Vegan Moussaka With a Homemade Tofu Mince Filling!
8 oz of extra firm tofu
1 c of finely chopped walnuts
8 oz of mushrooms
15 oz can of brown lentils
2 tbsp of olive oil
1 diced onion
2 diced stalks of celery
1 diced red bell pepper
1 tbsp of crushed garlic
1 tsp of paprika
1 tsp of cumin
1 tsp of oregano
1 tsp of rosemary
⅛ tsp of cinnamon powder
½ c of tomato paste
1 c of marinara sauce
1 tbsp of soy sauce
1 tbsp of sugar
Salt and pepper to taste
¾ c of olive oil
¾ c of all-purpose flour
8 c of soy milk
Salt and pepper to taste
2 large sliced eggplants
Oregano for seasoning
Rosemary for seasoning
Paprika for seasoning
Salt and pepper to taste
Vegan mince ingredients
Ingredients for the vegan bechamel sauce
Other vegan moussaka ingredients
Use a tofu press to press and drain the block of tofu to ensure that all of the excess liquid is removed. Once pressed, place the tofu into a large mixing bowl and use a fork to mash it into small, mince-like pieces.

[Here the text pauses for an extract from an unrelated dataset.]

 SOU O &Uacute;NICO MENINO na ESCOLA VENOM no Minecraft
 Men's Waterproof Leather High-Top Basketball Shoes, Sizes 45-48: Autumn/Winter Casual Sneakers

Finely chop the walnuts and mushrooms, then use a food processor to blend them into a crumbly mixture. Place the walnuts and mushrooms into the mixing bowl with the mashed tofu, then drain the lentils and add these too. Mix everything together.

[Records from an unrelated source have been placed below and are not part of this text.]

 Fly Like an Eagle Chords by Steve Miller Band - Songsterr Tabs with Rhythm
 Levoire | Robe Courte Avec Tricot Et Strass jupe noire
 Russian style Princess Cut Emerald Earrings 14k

Chop the onions, celery, and red bell pepper, then cook on medium heat in a skillet with a dash of oil. Saute the vegetables until they begin to soften up, then coat in crushed garlic, paprika, cumin, oregano, rosemary, and cinnamon powder and allow to cook for a few more minutes.

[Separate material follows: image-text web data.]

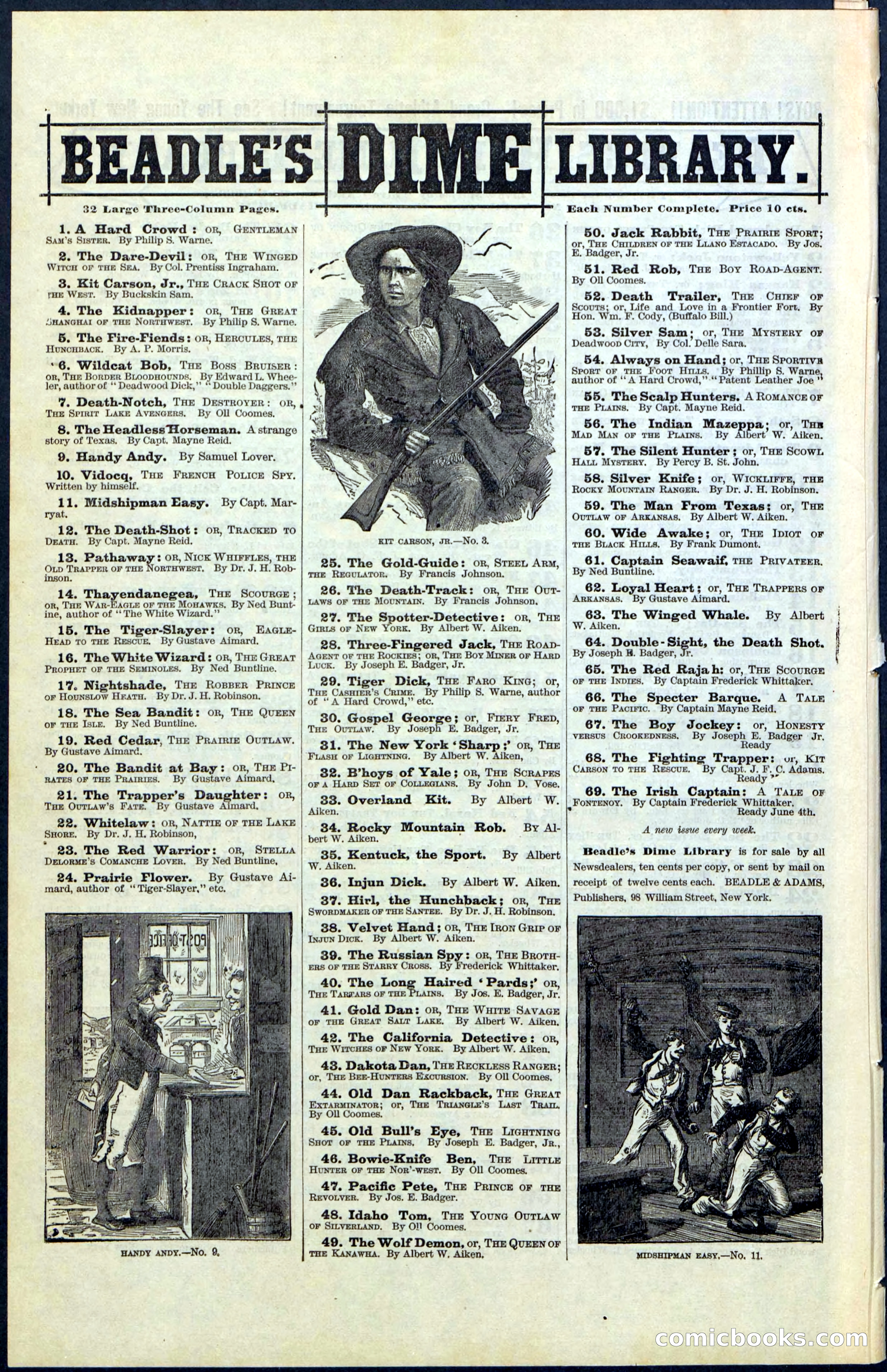 Beadle's New York Dime Library, No. 68 — page 32 of 32
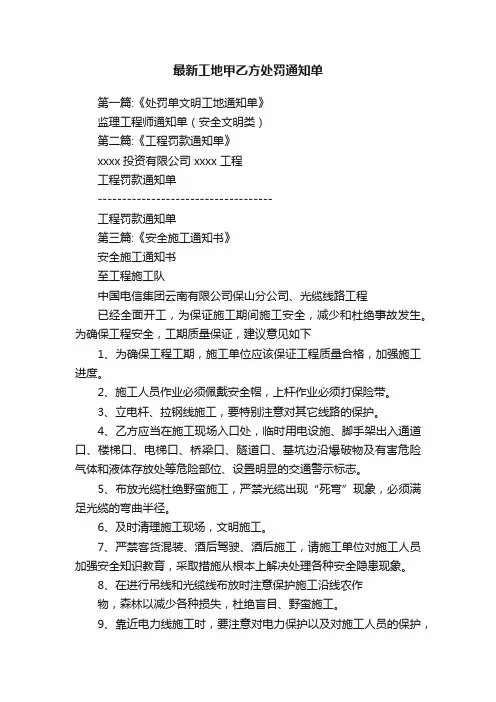 最新工地甲乙方处罚通知单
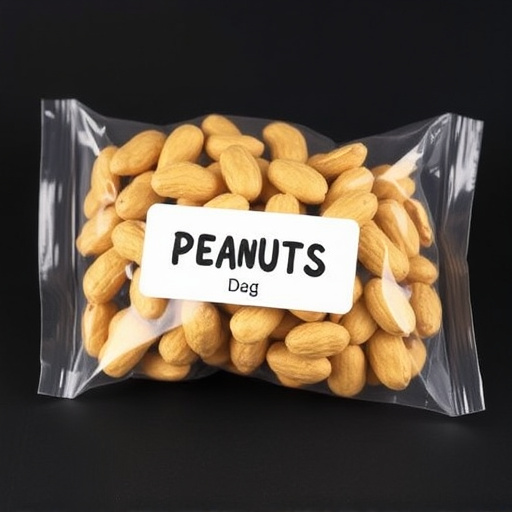 Packaged peanuts with clear label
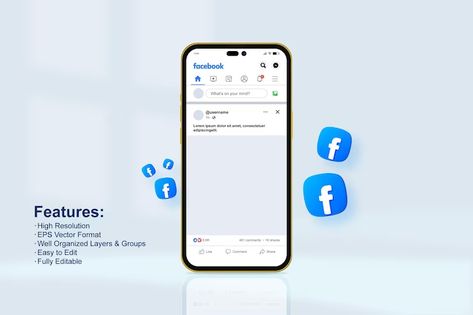 Premium Vector | Vector elegant facebook mobile mockup template Facebook Page Mockup, Facebook Post Mockup, Facebook Vector, Facebook Mockup, Mobile Mockup, Facebook Icons, Mobile Template, 3d Vector, Mobile Interface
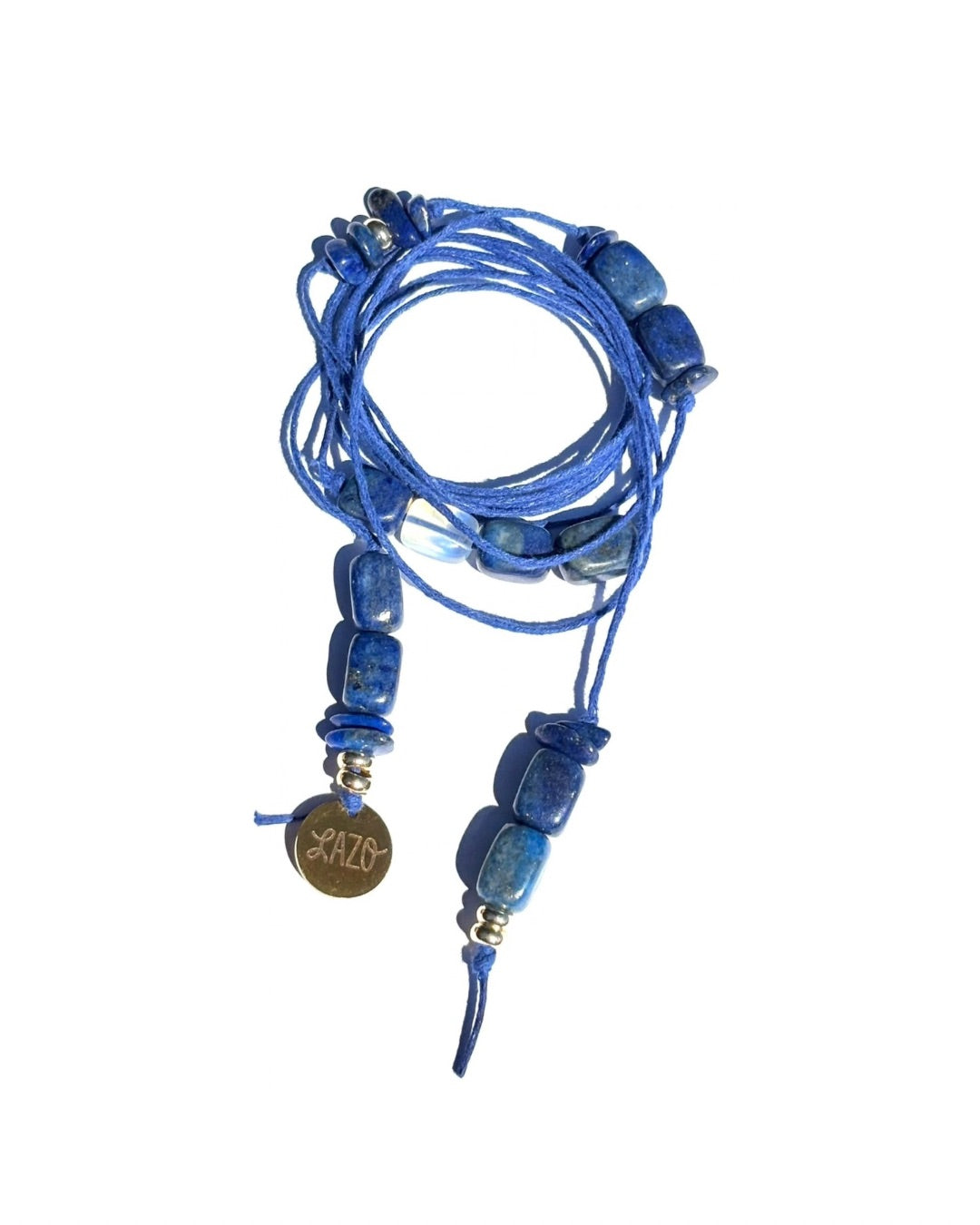 The Azul by LAZO Collective: lapis lazuli cube bead wrap necklace on blue cord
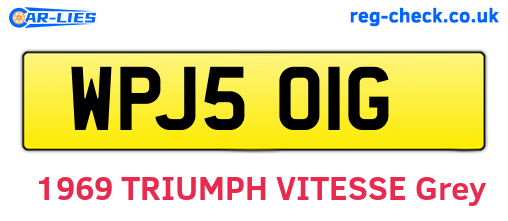 WPJ501G are the vehicle registration plates.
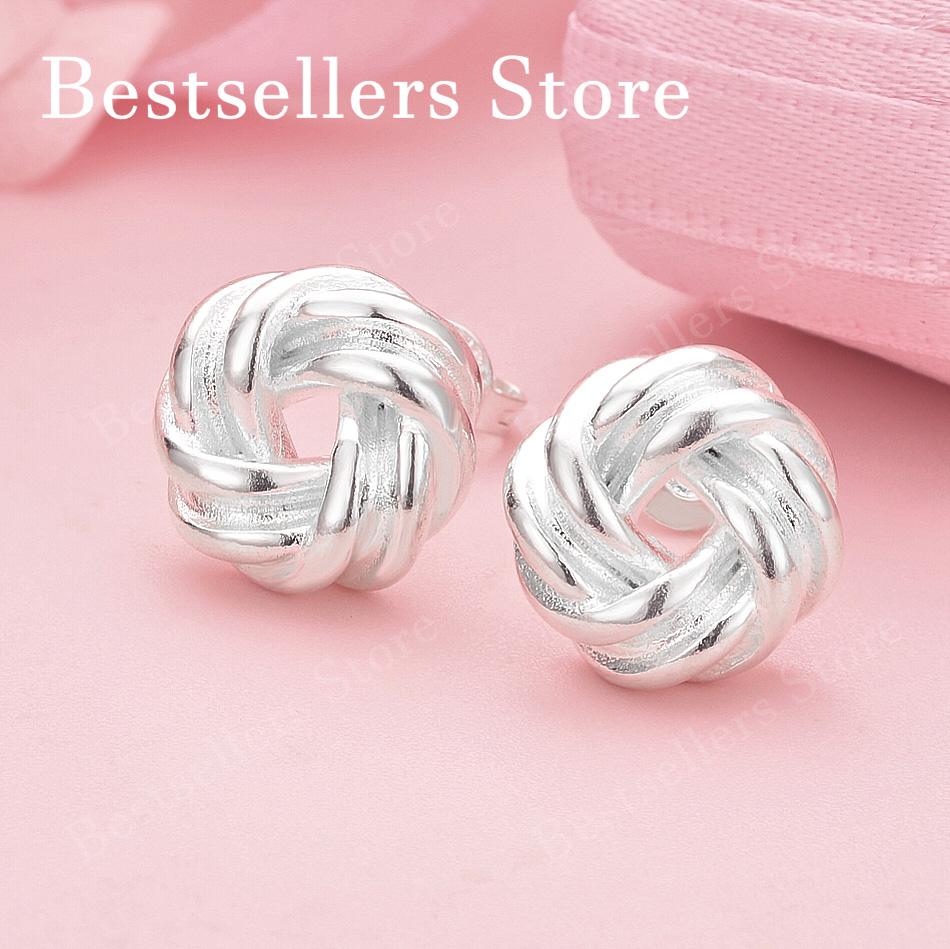 925 Sterling Silver Luxury Exquisite Twisted Stud Earrings for Women Fashion Gifts Jewelry Wedding Party Accessories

Once cooked, mix the sauteed vegetables together with the other ingredients you’ve prepared in a large pan. Stir in tomato paste, then pour in marinara sauce and soy sauce. Cook the vegan mince for around 10 minutes at medium heat to thicken the sauce.
Finally, stir in sugar, then season with salt and pepper to taste.
Directions for the bechamel sauce
Place a saucepan on the stovetop and heat a drizzle of oil. When hot, measure the flour into the pan and fry for 1 minute.
Pour in all of the soy milk, and use a whisk to stir the flour into the liquid. Keep heating and whisking until all of the lumps have disappeared.
Once the sauce has thickened, season with salt and pepper to taste and turn the heat off.
Directions for assembling the moussaka
While you are preparing the vegan mince and sauce, you also need to bake your eggplant in the oven. Preheat the oven to 350 °F, slice the eggplant, then coat with oil. Add salt and pepper to season.
Bake the eggplant slices in the oven for 25 minutes, remembering to turn them over halfway through. Once baked, the eggplant will form the bottom layer of the moussaka.
Place half of the eggplant slices into the bottom of a 9 x 13-inch baking dish, then pour in all of the vegan mince mixture. Place the other half of the eggplant slices on top of the vegan mince, then pour over the bechamel sauce.
Once assembled, place the vegan moussaka into the oven and bake for at least 40 minutes. If you want to brown the top of the moussaka, then leave it under the grill for an extra 5 minutes at the end.
Once cooked, remove from the oven and cool before sprinkling with added seasoning, then serving fresh!